The figures were announced in parliament by Zammit Dimech in reply to persistent parliamentary questions put by Nationalist MP Robert Arrigo, himself having personal financial interests in tourism and transport ventures that were in competition with the new service.
The tourism minister had assured Arrigo that the MTA would not be financing the service in the long term, nor would the transport authority. He said he estimated that in 2004 the service would have been used by 35,000 to 40,000 tourists.
Neither Naudi nor Borg Mizzi answered questions about fierce lobbying by commercial interests to stop the service – a claim made in no uncertain terms by the President of the Public Transport Association, Victor Spiteri.

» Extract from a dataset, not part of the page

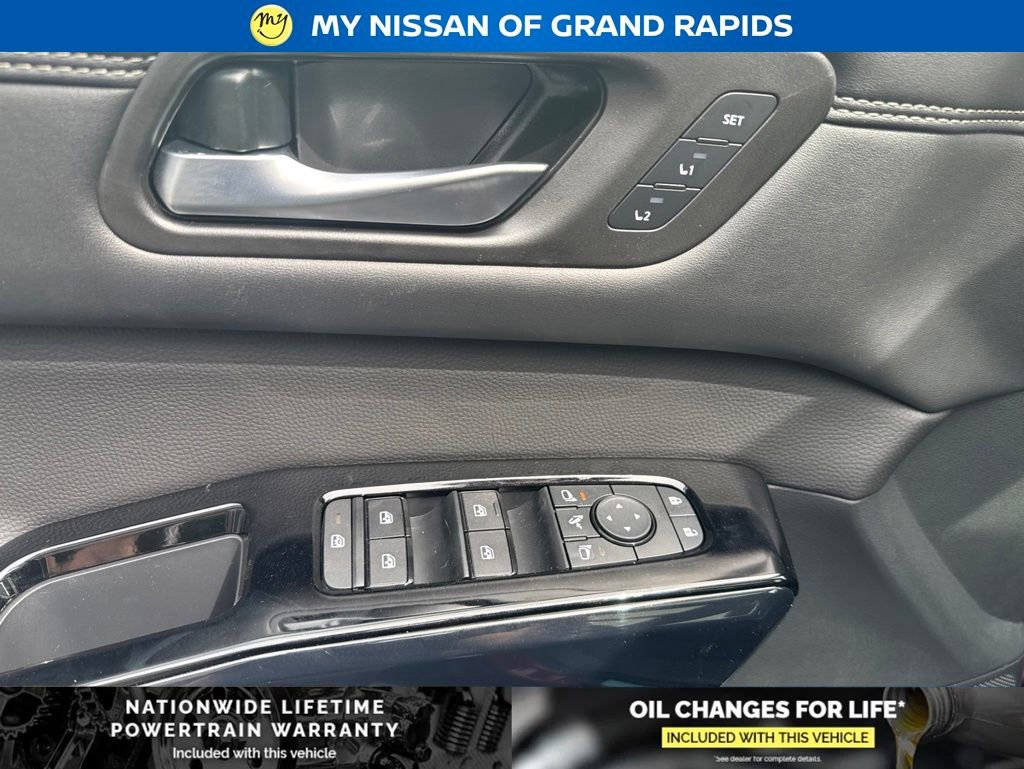 New 2026 Nissan Pathfinder Platinum AWD/4WD image 18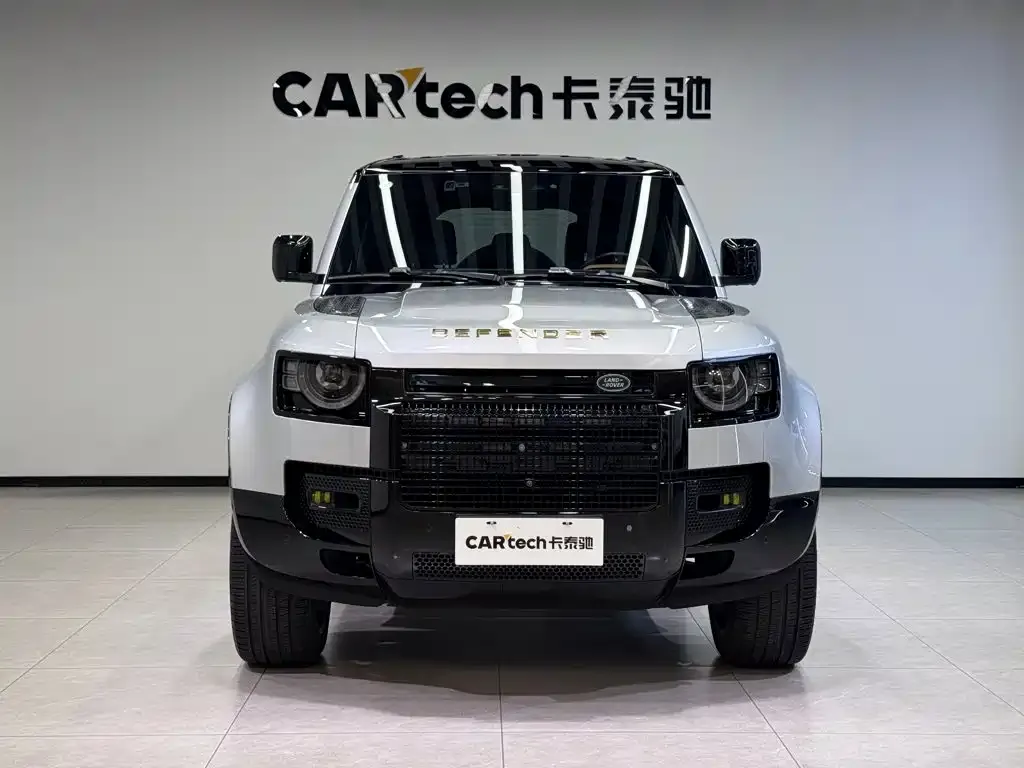 Land Rover Defender — фото 10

“There was huge pressure from the unscheduled bus service to stop this tourist attraction, and there were lots of conflicts of interests involved,” Spiteri told MaltaToday. “The authority doesn’t want the service to work, and they ignored all our recommendations to amend the route and make it start from Bugibba, where lots of tourists would be residing in nearby hotels. But they wanted the service to fail, and it did, because once they stopped funding it we could not absorb all the costs. Now the transport authority has stopped us from operating it.”
Spiteri said his association had plans to make the route profitable but the authority did not accept them.
“We can offer an improved service without any subsidies whatsoever and make a profit, thereby reducing the overall government subsidies to the public transport association, but the transport authority is not interested,” Spiteri said. “Even though our bus service is in demand and tourists are enthusiastic, we are actually penalised for accommodating them.”